I'll note that I'm dropping work for the evening and I'm AFK likely until the 1st.
Further Investigation:
- Swapping PBS 2024 build with 20230826 works (but did require me to install libxcrypt on Fedora)
- Swapping PBS 2024 build with 20231002 errors in the same place.
Possible key change between the two is:
OpenSSL 1.1 -> 3.0 on supported platforms. Linux and macOS now use OpenSSL 3.0.x. Windows uses OpenSSL 3.0.x on CPython 3.11+.
@xlevus I'm working on a short-term fix in pex-tool/pex#2355. I'd still love to know what's really going on here, but 1st to stop the bleeding.

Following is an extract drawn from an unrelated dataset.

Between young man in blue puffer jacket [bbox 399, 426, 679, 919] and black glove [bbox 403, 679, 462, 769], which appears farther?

I've flipped this back to a bug - apologies @mjimlittle, you ended up being right there. With @xlevus's help debugging, a fix for this issue in Pex is now released in 2.1.163: https://github.com/pantsbuild/pex/releases/tag/v2.1.163
A Pants maintainer will take it from here and upgrade Pants / instruct you how to do so for your Pants version.

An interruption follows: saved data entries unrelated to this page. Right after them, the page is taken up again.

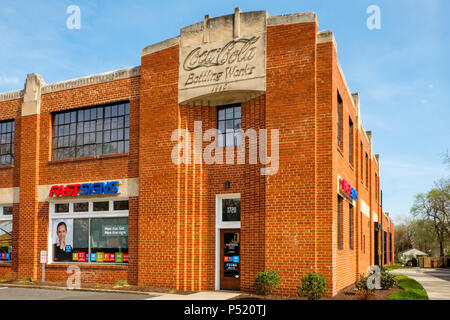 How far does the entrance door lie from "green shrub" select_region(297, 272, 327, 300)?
10.7 ft

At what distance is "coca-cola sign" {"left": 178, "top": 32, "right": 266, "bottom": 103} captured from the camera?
16.9 m

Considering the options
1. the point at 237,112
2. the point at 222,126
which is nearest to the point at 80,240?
the point at 222,126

Hey @jsirois thanks for the update. Also, I am sorry I could not help out in tracing the source of the issue.
I'm relatively new to the python/pants ecosystem so I could not keep up with @xlevus :D
As a workaround, I have Dockerized pants using an Ubuntu base image and I can successfully generate needed lock files.

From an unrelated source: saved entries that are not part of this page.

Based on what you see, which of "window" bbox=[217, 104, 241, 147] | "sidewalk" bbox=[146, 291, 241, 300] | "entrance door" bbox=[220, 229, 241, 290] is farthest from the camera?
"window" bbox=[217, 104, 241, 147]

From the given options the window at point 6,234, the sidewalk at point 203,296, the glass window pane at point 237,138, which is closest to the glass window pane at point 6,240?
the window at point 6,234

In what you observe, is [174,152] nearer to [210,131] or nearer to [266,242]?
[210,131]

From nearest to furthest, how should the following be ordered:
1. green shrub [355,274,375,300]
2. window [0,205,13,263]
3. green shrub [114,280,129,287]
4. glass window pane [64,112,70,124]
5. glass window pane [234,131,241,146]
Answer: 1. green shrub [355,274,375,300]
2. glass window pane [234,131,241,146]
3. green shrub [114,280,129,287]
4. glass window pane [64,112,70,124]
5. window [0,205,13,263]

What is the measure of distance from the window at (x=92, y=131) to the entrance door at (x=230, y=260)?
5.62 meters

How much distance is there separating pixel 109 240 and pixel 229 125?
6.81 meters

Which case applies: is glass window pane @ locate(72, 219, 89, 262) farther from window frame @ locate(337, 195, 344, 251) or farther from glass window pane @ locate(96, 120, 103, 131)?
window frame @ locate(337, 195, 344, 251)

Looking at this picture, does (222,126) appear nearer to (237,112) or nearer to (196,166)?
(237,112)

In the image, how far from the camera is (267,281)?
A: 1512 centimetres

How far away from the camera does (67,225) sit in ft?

To use the new version of Pex without waiting on a Pants release
[pex-cli]
version = "v2.1.163"
known_versions = [
"v2.1.163|macos_arm64 |21cb16072357af4b1f4c4e91d2f4d3b00a0f6cc3b0470da65e7176bbac17ec35|3677552",
"v2.1.163|macos_x86_64|21cb16072357af4b1f4c4e91d2f4d3b00a0f6cc3b0470da65e7176bbac17ec35|3677552",
"v2.1.163|linux_x86_64|21cb16072357af4b1f4c4e91d2f4d3b00a0f6cc3b0470da65e7176bbac17ec35|3677552",
"v2.1.163|linux_arm64 |21cb16072357af4b1f4c4e91d2f4d3b00a0f6cc3b0470da65e7176bbac17ec35|3677552",
]
(That's the sha256 and size of the pex
artifact, which you can calculate your self by downloading from the release page.)
Thanks @cburroughs works fine now!
@xlevus it turns out the issue is the custom RedHat OpenSSL option "rh-allow-sha1-signatures", seen here for example: https://gitlab.com/redhat/centos-stream/rpms/openssl/-/blob/c9s/0049-Selectively-disallow-SHA1-signatures.patch
If I do this on a fedora:37 image:
[root@d13f087cea45 /]# diff -u /etc/crypto-policies/back-ends/opensslcnf.config.orig /etc/crypto-policies/back-ends/opensslcnf.config
--- /etc/crypto-policies/back-ends/opensslcnf.config.orig 2024-02-09 00:54:33.569271689 +0000
+++ /etc/crypto-policies/back-ends/opensslcnf.config 2024-02-09 00:54:54.309267497 +0000
@@ -6,8 +6,3 @@
DTLS.MaxProtocol = DTLSv1.2
SignatureAlgorithms = ECDSA+SHA256:ECDSA+SHA384:ECDSA+SHA512:ed25519:ed448:rsa_pss_pss_sha256:rsa_pss_pss_sha384:rsa_pss_pss_sha512:rsa_pss_rsae_sha256:rsa_pss_rsae_sha384:rsa_pss_rsae_sha512:RSA+SHA256:RSA+SHA384:RSA+SHA512:ECDSA+SHA224:RSA+SHA224
-[openssl_init]
-alg_section = evp_properties
-
-[evp_properties]
-rh-allow-sha1-signatures = yes
Then a test rig works without main thread vs non shenanigans. As to why the thread makes a difference I have no clue yet, but a custom PBS build that enables openssl debug symbols and many gdb sessions later, I was able to narrow in on reading rh-allow-sha1-signatures
, which is not a standard openssl config option, as the action leading to an error return path eventually bubbling out to _ssl.c:3161.
I'll update astral-sh/python-build-standalone#207 with all the details of the debug session later tonight. This is not Gregory's problem, but others may bump into RedHat shenanigans and need the ~FAQ on what goes on when vanilla openssl in PBS tries to read RedHat custom config.
The explanation is contained in a comment in pex-tool/pex#2358 which I've pinged folks in this thread on.